Non ci piace l’esibizione pubblica della copia della lettera scritta da Pietro M. Di Paola prima di buttare dal settimo piano Alessandra, la sua ex fidanzata, per poi seguirla. Ci sembra una delle frequenti ostentazioni voyeuristiche che i media accompagnano a questi casi con l’unico scopo di titillare una inutile e malsana curiosità.
I contenuti di quella lettera sono comunque noti perchè riportati e commentati da molt*. Fra i tanti leggiamo di Don Mazzi che sul sito Vita dice che quella lettera è bestiale, indegna di un uomo.
Certo, Don Mazzi è un prete ed ha la sua visione del mondo nella quale colloca uomini e bestie, non importa, è un esempio per dire che a noi invece sembra che in quello scritto emerga molto di quello che gli uomini che uccidono le donne agiscono ma non dicono.
Non dicono a se stessi men che meno ad altr* perchè i meccanismi dell’autoreferenzialità che ingrippano le relazioni affettive e vedono nell’altr* una propaggine di se stessi, non sono compresi, decostruiti, razionalizzati.
Non si può superare un ostacolo che non si vede; ci si inciampa e si cade.
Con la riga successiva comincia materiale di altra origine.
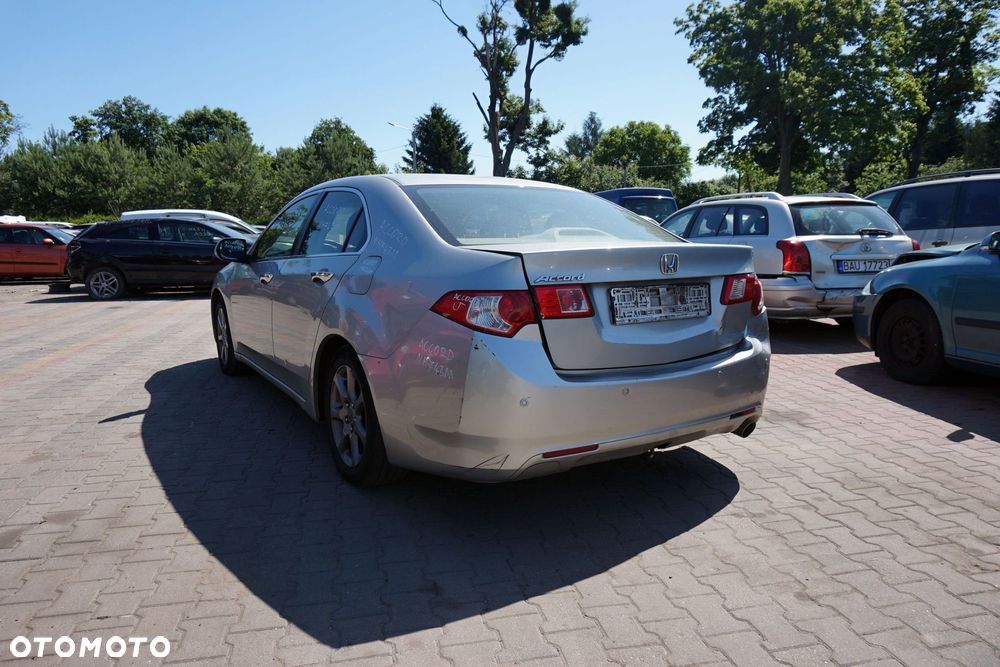 HONDA ACCORD VIII SEDAN 2008 NH743M 2.0 16V R20A3 156KM SREBRNY na części - 3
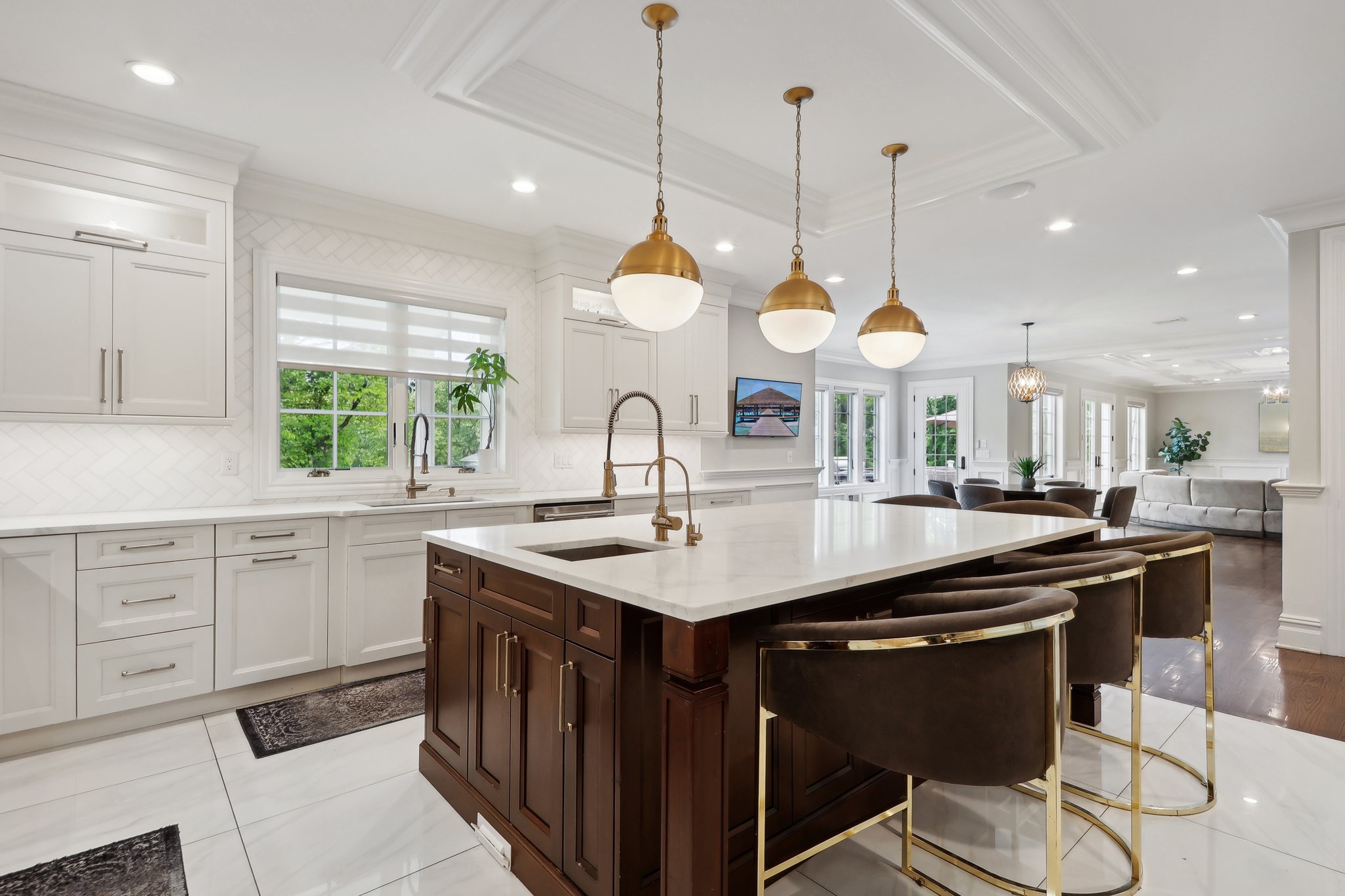 N Farview Ave-027.jpg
E non finiremo mai di dire quanto una buona parte di società ipocrita e moralista continui a supportare e produrre questi ostacoli o stereotipi: trappole mentali come la rappresentazione dell’amore etero-eterno, della donna incompleta e dipendente, dell’uomo- tutto che per essere tale ha bisogno di ammenicoli vari donne comprese.
Che poi se le donne li lasciano, cadono e si rompono e capita che il vero soggetto debole sono loro.
Pietro ha scritto e descritto con lucidità l’ingranaggio in atto, le ruote dentate in cui era risucchiato e nel quale, per punizione doveva finire anche lei, origine di tutto. Lo ha descritto, non razionalizzato.
Il suo salto è stato uno sfogo. Irreversibile.
Un saluto ad Alessandra che non c’è più.